On a cold and windy Thursday at Binkley Baptist Church in Chapel Hill, Dean Smith's private memorial was held.
His own family was there of course, as was his basketball family as well: Michael Jordan, Phil Ford, Jerry Stackhouse, Donald Williams and many others came.
Coach K, who famously said at one point that he'd never been to Chapel Hill, drove over from Durham wearing a Carolina blue tie.
Roy Williams and Bill Guthridge came of course, as did big John Thompson.
Former Heel sdWarren Martin, perhaps the tallest middle school teacher in the state, came as well and showed his program to some folks who had gathered near the church but kept it, saying that he'd be in trouble if he didn't take it home.
We were wondering if that was a reference to Deborah Crowder, the woman at the heart of the UNC athletic scandal with whom Martin had a relationship. We don't know if he still does.
The focus has been on the public loss, which is obviously considerable and important to many people. Smith was always a private man and we really never learned much about his family other than his wife, Linnea, who is prominent in her own right.

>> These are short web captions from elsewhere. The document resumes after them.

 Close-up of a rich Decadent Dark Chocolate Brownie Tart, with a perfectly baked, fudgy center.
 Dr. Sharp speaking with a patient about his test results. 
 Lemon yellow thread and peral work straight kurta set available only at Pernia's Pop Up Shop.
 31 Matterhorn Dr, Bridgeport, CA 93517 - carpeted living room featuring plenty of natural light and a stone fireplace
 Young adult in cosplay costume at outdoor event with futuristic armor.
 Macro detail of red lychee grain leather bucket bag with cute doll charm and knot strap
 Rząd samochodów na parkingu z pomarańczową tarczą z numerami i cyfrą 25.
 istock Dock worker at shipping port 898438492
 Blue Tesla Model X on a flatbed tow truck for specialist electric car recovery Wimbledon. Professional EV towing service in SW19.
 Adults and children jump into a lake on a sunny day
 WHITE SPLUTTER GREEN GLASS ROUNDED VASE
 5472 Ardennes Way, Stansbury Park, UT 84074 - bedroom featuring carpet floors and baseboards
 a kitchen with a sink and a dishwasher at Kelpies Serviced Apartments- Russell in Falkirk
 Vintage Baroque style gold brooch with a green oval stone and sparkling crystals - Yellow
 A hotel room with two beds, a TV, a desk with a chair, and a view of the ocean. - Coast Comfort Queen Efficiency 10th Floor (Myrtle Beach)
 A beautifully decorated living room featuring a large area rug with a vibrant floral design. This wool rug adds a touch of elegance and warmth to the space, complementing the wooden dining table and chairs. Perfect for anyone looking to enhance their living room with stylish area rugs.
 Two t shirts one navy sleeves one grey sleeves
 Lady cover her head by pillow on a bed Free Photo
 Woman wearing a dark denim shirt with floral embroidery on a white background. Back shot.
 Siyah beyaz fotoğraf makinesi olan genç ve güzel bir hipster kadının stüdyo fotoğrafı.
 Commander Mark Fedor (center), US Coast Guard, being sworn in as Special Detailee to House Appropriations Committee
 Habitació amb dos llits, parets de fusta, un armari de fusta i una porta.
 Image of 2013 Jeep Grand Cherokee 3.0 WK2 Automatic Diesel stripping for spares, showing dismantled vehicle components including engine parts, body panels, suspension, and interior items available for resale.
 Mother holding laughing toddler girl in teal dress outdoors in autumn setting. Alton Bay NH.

As significant as the loss is for the former players and managers and for Coach K and John Thompson, it's vastly more critical for his immediate family. Losing a husband, a father and a grandfather is never easy. No one disputes that Smith was a remarkable man. Even though in many respects he left them some time ago, the concrete, final loss of such a man must be very difficult. Our hearts go out to them and we're sure that's true of all Duke and ACC fans.